Records to process Start Marker

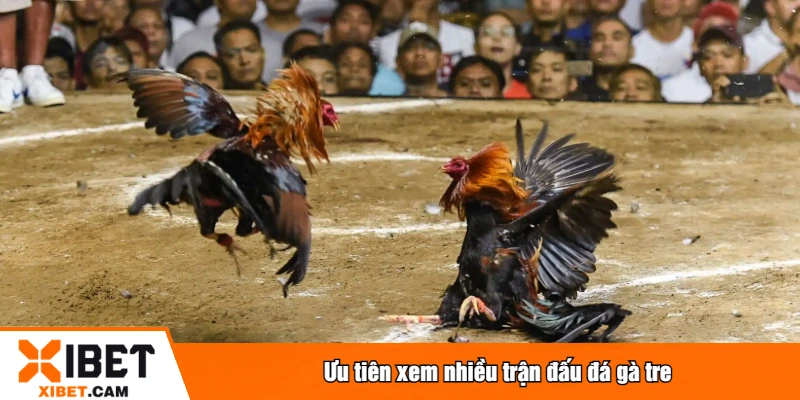 Ưu tiên xem nhiều trận đấu đá gà tre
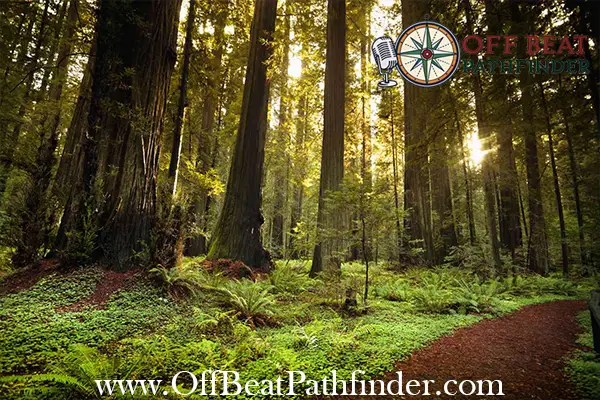 Towering redwood trees along Avenue of the Giants in Humboldt Redwoods State Park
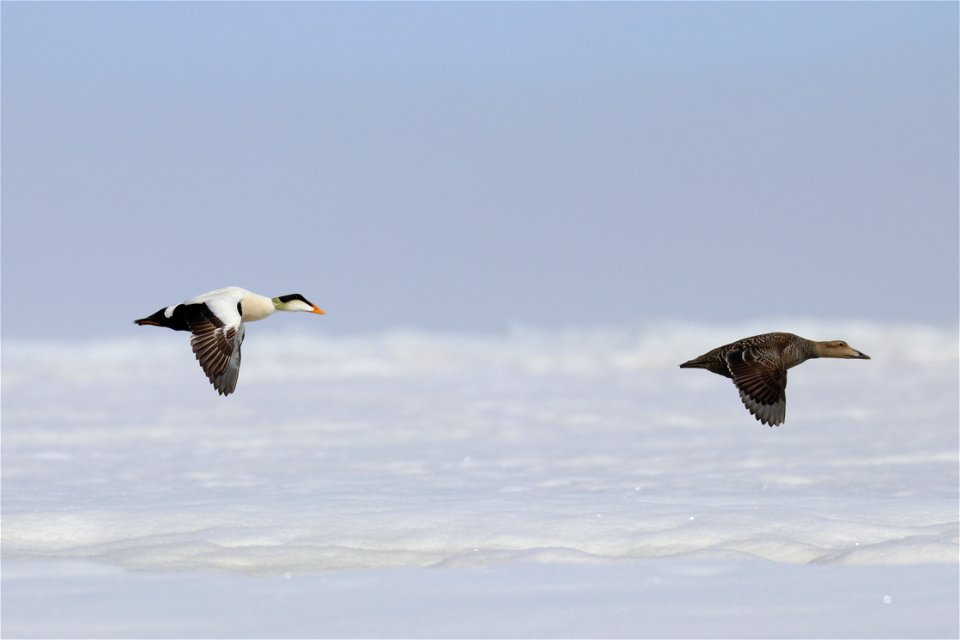 Common eider pair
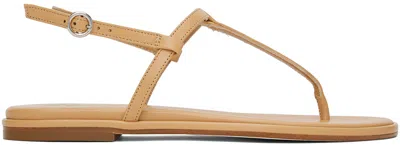 Aeyde 10mm Nala Nappa Leather Flat Sandals In Camel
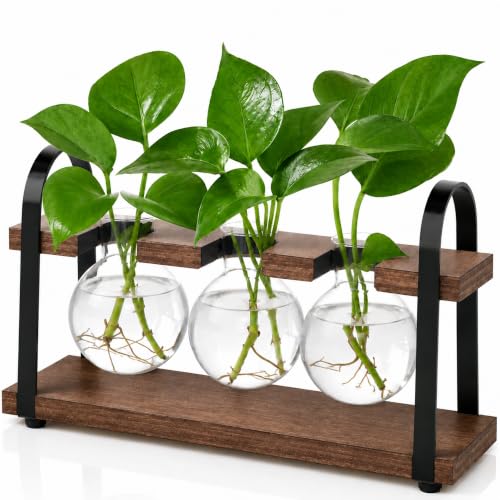 3-Bulb Plant Propagation Station, Glass Vase Terrarium, Brown - color: Brown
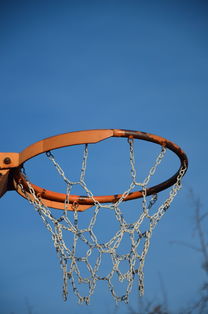 开云体育在线登入-NBA球队球员培养规划设计，nba对球员的要求是什么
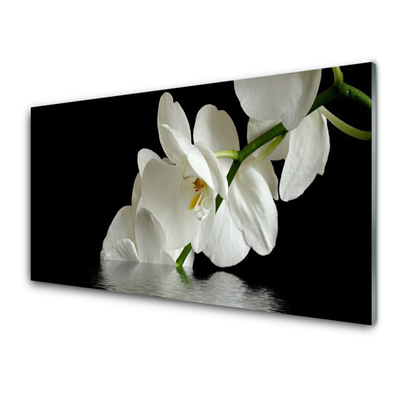 Plexiglas® Wall Art Flowers floral white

Records to process End Marker

# [Exercise goal]
Find the line holding "开云体育在线登入-NBA球队球员培养规划设计，nba对球员的要求是什么" in the data above. Retype it and every later line exactly, through the end, but not the pictures.

# [Solution]
 开云体育在线登入-NBA球队球员培养规划设计，nba对球员的要求是什么
 Plexiglas® Wall Art Flowers floral white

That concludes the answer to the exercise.